This study was done in people who already have HIV, but it left scientists thinking about the bigger picture. If a vaccine could be made that contained 3BNC117, it could potentially protect people from HIV infection. We can’t quite call this a cure just yet, but it seems like we are definitely one step closer to finally beating HIV.

Geographic Tongue

When you wake up in the morning, or late at night, you might find a weird coating on your tongue that tends to give you bad breath. Now imagine Geographic Tongue (GT), which is a medical condition where the surface of the tongue is damaged in patterns that resemble an evolving map. This is because tiny papillae on the very surface are damaged by expanding inflammation. Any further causes are currently unknown. However, people who do have it say that it tends to get worse when they are under increased amounts of psychological stress. While it looks weird, this is actually harmless and is thought to affect two percent of the population. Many people panic, but it is important to realize that this is not indicative of any worse disease like oral cancer (they used to think GT was associated with things like diabetes and dermatitis).
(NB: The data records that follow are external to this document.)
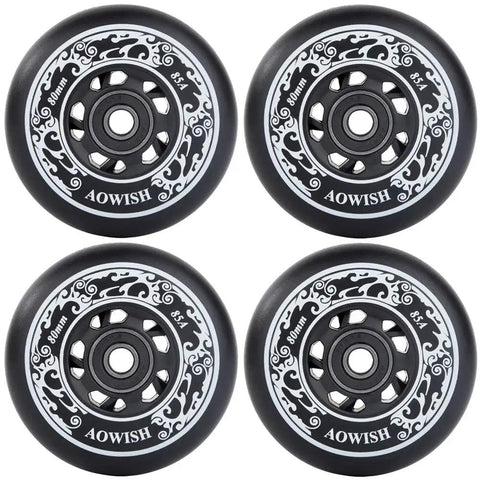Inline Skate Wheels 4-Pack 68mm 72mm 76mm 80mm Outdoor Asphalt Formula 85A With ABEC-9 Bearings And Floating Spacers Replacement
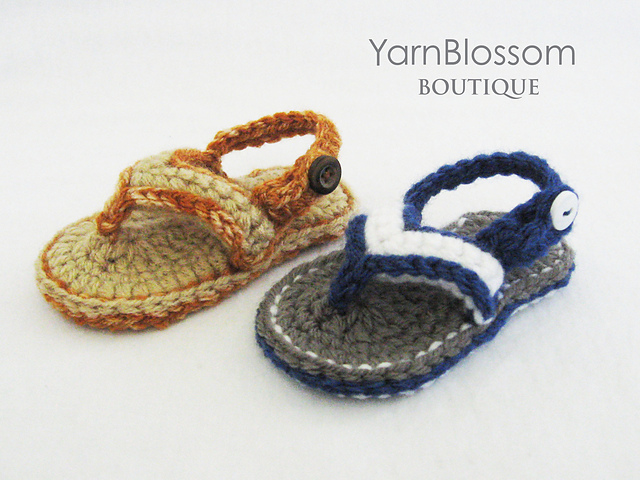 Ravelry: Baby Flip Flops pattern by Yarn Blossom Boutique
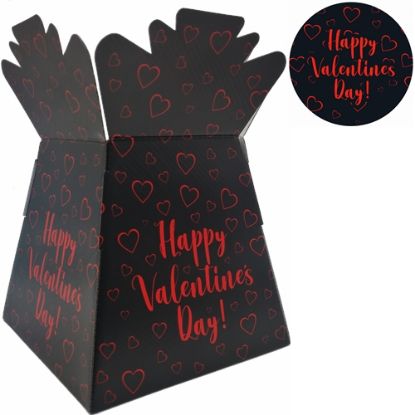 Picture of BOUQUET BOX GLOSSY - HAPPY VALENTINES DAY BLACK/RED X 30pcs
Because it is so rare, it is usually lumped in and associated with diseases like psoriasis.

It happens the way a forest fire occurs, once it has started, it moves along to fresh areas until it has taken as much as it can. This is known as an excitable media dynamic, however GT is a chronic condition that will keeping happening over time.

Taking a dynamical systems approach to GT enabled us to classify the severity of the condition, based on the patterns observed on the tongue of a GT patient. Typically GT-affected tongues fall into two main categories. The first corresponds to oblate patterns that expands and merges with other growing oblate regions. In this case, like with forest fires, the tongue is gradually affected but then subsequently heals. Another more “exotic” form of the condition involves patterns consisting of open-ended tips, most notably spirals, which can evolve into the recovering regions of the tongue.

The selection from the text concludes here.